Mykonos Wedding Cost: What to Budget for a Destination Wedding

  • Publication date: 06/26/2026
Content

The cost of getting married on the Greek island of Mykonos will depend on your requirements. For example, an intimate wedding with 20-30 guests would cost around $25,000. Conversely, a larger wedding held over multiple days at a premium cliff-top estate would cost over $200,000. Weddings with 60-80 guests held in a private villa or boutique hotel on a Saturday in June or September usually cost between $60,000 and $100,000. Wedding prices in Mykonos are generally higher than on other Greek islands for several reasons. These reasons are structural rather than arbitrary.

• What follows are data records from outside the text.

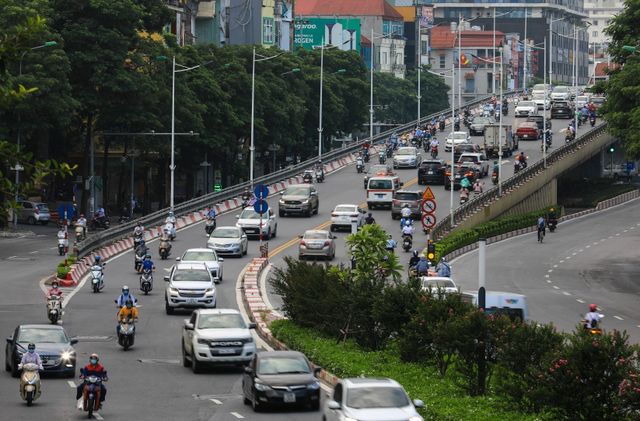 Hà Nội nhộn nhịp trở lại trong ngày đầu dỡ bỏ 39 chốt kiểm soát dịch - Ảnh 4.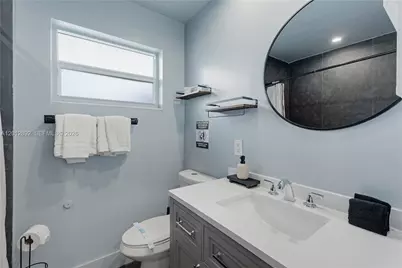 632 S Crescent Dr, Hollywood, FL 33021 - Photo 15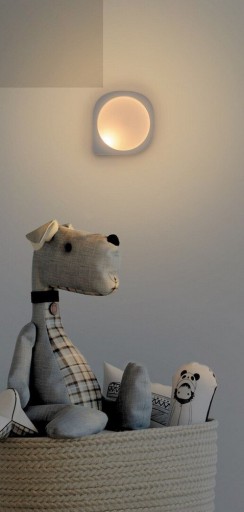 Biela funkčná zásuvná detská nočná lampa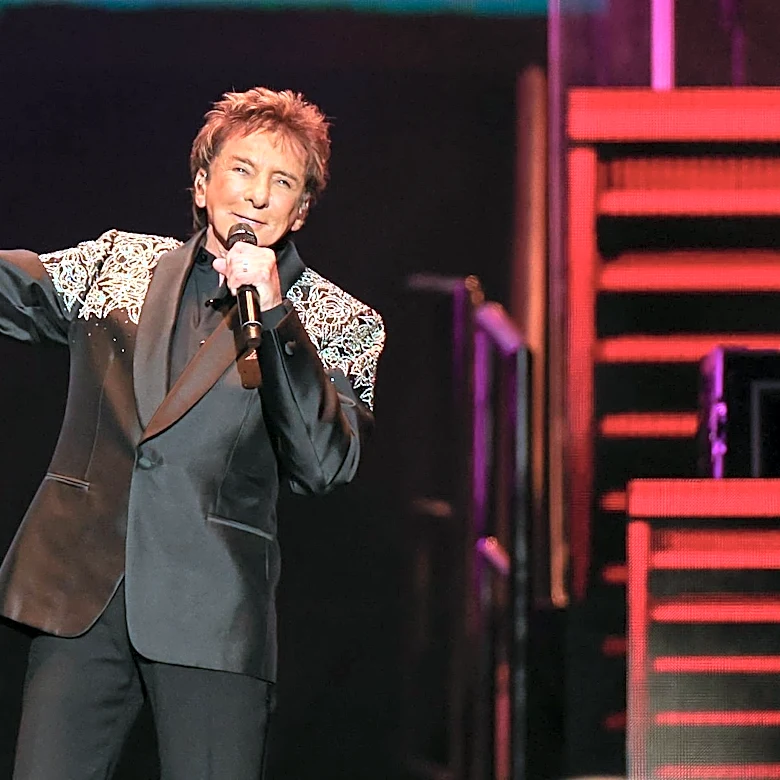 Barry Manilow Postpones Lexington Concert Right Before Showtime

From a structural perspective, Mykonos is at the top of the Greek destination wedding market for three reasons. Firstly, demand for weddings in Mykonos from abroad exceeds the island's capacity to meet it. Secondly, Mykonos' hospitality infrastructure reflects its status as a premium destination. Thirdly, the island's remote location means holding a wedding there is more expensive than on the mainland. Therefore, brides and grooms should familiarise themselves with the factors that contribute to the cost of a Mykonos wedding before speaking to vendors, as this will enable them to have a more productive conversation about their budget.

This guide aims to help brides and grooms understand the financial aspects of a Mykonos wedding, including vendor package contents, additional costs, and budget creation.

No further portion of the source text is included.